You are viewing a comment permalink. View the original post to see all comments and the full post content.
Comments (75)
I would say it is part of checking for reflective consistency. Ideally, there shouldn't be arguments that change your (terminal) values, so if there are, you want to so you can figure out what is wrong and how to fix it.
I don't think that explanation makes sense. Suppose an AI thinks it might have a security hole in its network stack, so that if someone sends it a certain packet, it would become that person's slave. It would try to fix that security hole, without actually seeking to have such a packet sent to itself.
We humans know that there are arguments out there that can change our values, but instead of hardening our minds against them, some of us actually try to have such arguments sent to us.
In the deontological view of values this is puzzling, but in the consequentialist view it isn't: we welcome arguments that can change our instrumental values, but not our terminal values (A.K.A. happiness/pleasure/eudaimonia/etc.). In fact I contend that it doesn't even make sense to talk about changing our terminal values.
Congratulations, you just reinvented [a portion of] PCT. ;-)

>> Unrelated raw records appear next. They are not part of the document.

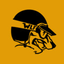 wlfenduro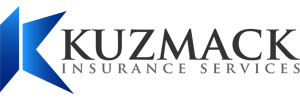 Kuzmack Insurance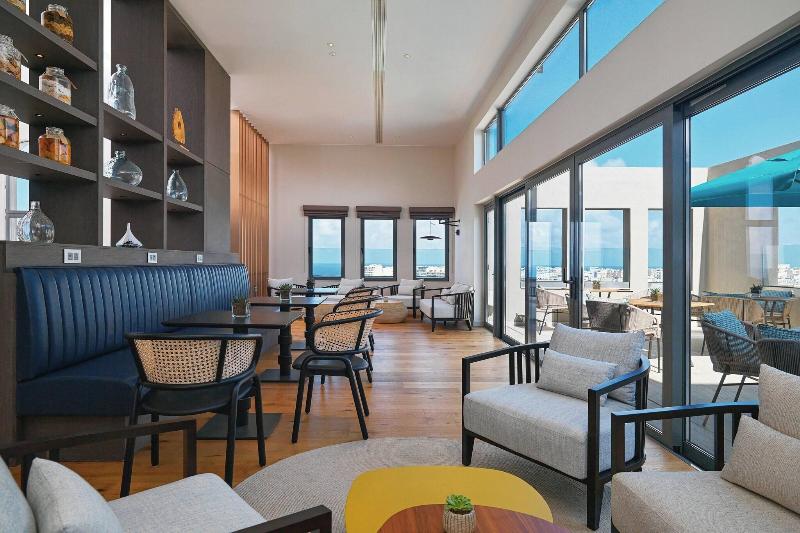 فيلا بريميوم غرفة نوم واحدة, Venice Krabi Villa Resort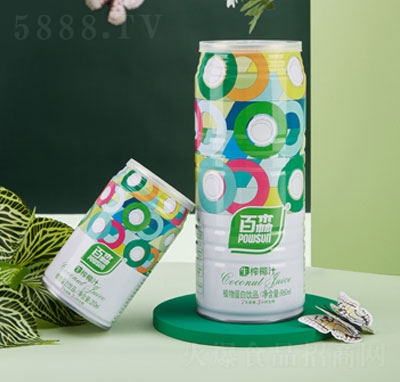 ��ɭ��եҬ֭960ml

[Clarification: PCT models the mind as a massive array of simple control circuits that act to correct errors in isolated perceptions, with consciousness acting as a conflict-resolver to manage things when two controllers send conflicting commands to the same sub-controller. At a fairly high level, a controller might be responsible for a complex value: like correcting hits to self-esteem, or compensating for failings in one's aesthetic appreciation of one's work. Such high-level controllers would thus appear somewhat anthropomorphically agent-like, despite simply being something that detects a discrepancy between a target and an actual value, and sets subgoals in an attempt to rectify the detected discrepancy. Anything that we consider of value potentially has an independent "agent" (simple controller) responsible for it in this way, but the hierarchy of control does not necessarily correspond to how we would abstractly prefer to rank our values -- which is where the potential for irrationaity and other failings lies.]